The partnership behind the John Lewis department stores, three of which are in Scotland, and the Waitrose supermarket chain said that, while it was taking actions to prepare for a possible no-deal, it could not entirely protect itself against an expected major impact.
Sir Charlie Mayfield, the outgoing chairman of the John Lewis Partnership, said: "Should the UK leave the EU without a deal, we expect the effect to be significant and it will not be possible to mitigate that impact.
"In readiness, we have ensured our financial resilience and taken steps to increase our foreign currency hedging, to build stock where that is sensible, and to improve customs readiness."
But, echoing comments from other major retailers in recent months, he warned that Brexit "continues to weigh on consumer sentiment at a crucial time for the sector as we enter the peak trading period".
Results from the partnership showed that it fell to an underlying pre-tax and bonus loss of £25.9m for the six months to 27 July - against a modest profit of £800,000 a year earlier - as it said trading conditions had remained "difficult".
The partnership said it was driven into the red by widened operating losses at its John Lewis department store chain, which increased to £61.8m from £19.3m a year ago as it suffered falling sales, surging costs of an IT overhaul and increasing cost inflation. Like-for-like sales dipped 2.3 per cent across the department store business due largely to weaker demand for big-ticket home and electrical items.
Waitrose performed better, with underlying earnings jumping 14.7 per cent to £110.1m, though comparable sales dipped 0.4 per cent.
The partnership's results showed that, on a statutory basis, pre-tax profits rose to £191.5m from £6m a year earlier, but this included one-off items such as a boost from closing its defined benefit pension scheme and were flattered by accounting changes.

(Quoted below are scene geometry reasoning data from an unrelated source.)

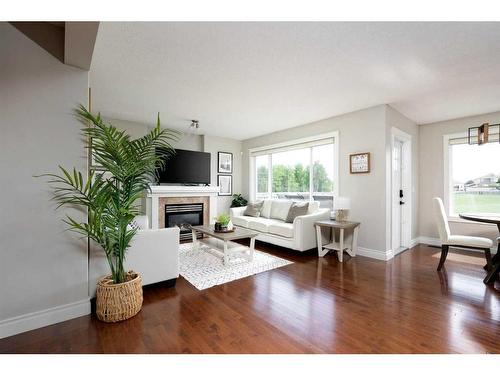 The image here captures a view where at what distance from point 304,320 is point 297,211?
2435mm

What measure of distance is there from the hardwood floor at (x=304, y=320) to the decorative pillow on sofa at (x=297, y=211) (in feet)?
4.61

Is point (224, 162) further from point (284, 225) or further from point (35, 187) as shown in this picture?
A: point (35, 187)

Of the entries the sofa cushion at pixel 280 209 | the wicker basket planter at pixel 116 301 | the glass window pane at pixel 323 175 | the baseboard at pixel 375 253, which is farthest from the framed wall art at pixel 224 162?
the wicker basket planter at pixel 116 301

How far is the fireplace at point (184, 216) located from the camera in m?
4.85

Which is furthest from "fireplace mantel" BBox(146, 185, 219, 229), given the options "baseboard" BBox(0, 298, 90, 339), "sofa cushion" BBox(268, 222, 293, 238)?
"baseboard" BBox(0, 298, 90, 339)

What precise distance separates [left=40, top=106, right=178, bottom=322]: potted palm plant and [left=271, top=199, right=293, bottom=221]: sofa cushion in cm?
302

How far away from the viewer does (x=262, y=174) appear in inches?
235

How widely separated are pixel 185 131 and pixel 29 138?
11.8 feet

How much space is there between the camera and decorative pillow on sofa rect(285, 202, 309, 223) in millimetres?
4157

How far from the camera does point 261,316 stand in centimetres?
195

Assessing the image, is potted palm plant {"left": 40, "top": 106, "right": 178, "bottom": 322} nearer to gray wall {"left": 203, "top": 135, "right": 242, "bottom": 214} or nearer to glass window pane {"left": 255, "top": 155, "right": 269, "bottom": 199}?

Chris Daly, chief executive of the Chartered Institute of Marketing, said: "On face value John Lewis' results are disappointing, but compared to other UK department stores it is still streets ahead.
"John Lewis' market-leading position is a result of a powerful brand and marketing strategy. Its respected heritage sets it apart from competitors and builds unrivalled customer loyalty. Just over a year since its joint rebrand with Waitrose, it seems that's not changing soon."

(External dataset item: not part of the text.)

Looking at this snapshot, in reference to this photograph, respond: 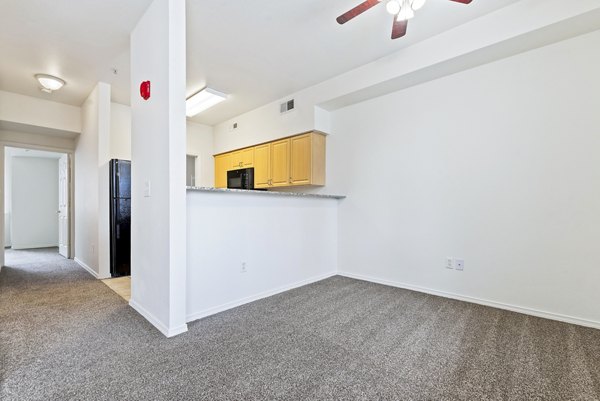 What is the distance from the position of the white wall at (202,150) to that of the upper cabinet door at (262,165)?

He added: "Despite its relative strength, John Lewis is not immune to tough retail conditions. It risks heading towards a price cut trap, partly because its 'Never Knowingly Undersold' brand positioning forces it to pursue rivals' discounts. Add to this customers that are tougher than ever to lure into stores, and today's results present a stark warning.

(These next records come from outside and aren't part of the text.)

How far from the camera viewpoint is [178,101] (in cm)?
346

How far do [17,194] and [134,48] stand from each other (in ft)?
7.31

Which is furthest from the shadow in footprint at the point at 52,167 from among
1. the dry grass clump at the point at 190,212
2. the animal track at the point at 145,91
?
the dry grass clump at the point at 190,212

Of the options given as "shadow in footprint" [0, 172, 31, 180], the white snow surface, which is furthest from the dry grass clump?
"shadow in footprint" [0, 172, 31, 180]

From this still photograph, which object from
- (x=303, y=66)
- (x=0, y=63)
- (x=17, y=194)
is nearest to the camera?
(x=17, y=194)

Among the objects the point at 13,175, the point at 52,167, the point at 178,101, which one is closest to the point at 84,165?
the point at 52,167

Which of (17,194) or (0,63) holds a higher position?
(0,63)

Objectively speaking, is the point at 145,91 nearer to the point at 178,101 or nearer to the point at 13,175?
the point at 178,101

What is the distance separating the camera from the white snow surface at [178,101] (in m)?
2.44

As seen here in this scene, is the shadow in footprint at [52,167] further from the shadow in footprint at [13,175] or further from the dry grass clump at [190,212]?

"The brand is moving in the right direction by embracing the shift online but it would be wrong to underestimate the potential of its stores. The challenge has been set to John Lewis' marketers: re-imagine the in-store experience to create a reason to make the trip."
George Salmon, equity analyst at financial services group Hargreaves Lansdown, said: "After a disappointing end to last year, and the well-documented problems at fellow department stores Debenhams and House of Fraser, it’s no surprise to see John Lewis’ like-for-like sales and profits falling.
"Weakness in big ticket purchases is particularly interesting because it implies consumers are factoring in Brexit uncertainty before splashing savings on large screen TVs or setting up repayment plans for new furniture. The group has warned of the damage a no-deal exit could do, and since that could come in the run-up to Christmas, the timing couldn’t be worse.
"There are a couple of positives for the group, however. Waitrose like-for-like sales have dipped, but not by as much as Morrisons. As well as that, the group increased market share in fashion & beauty, while net debt and the pension deficit both decreased. Still, these are tough times for the partnership.”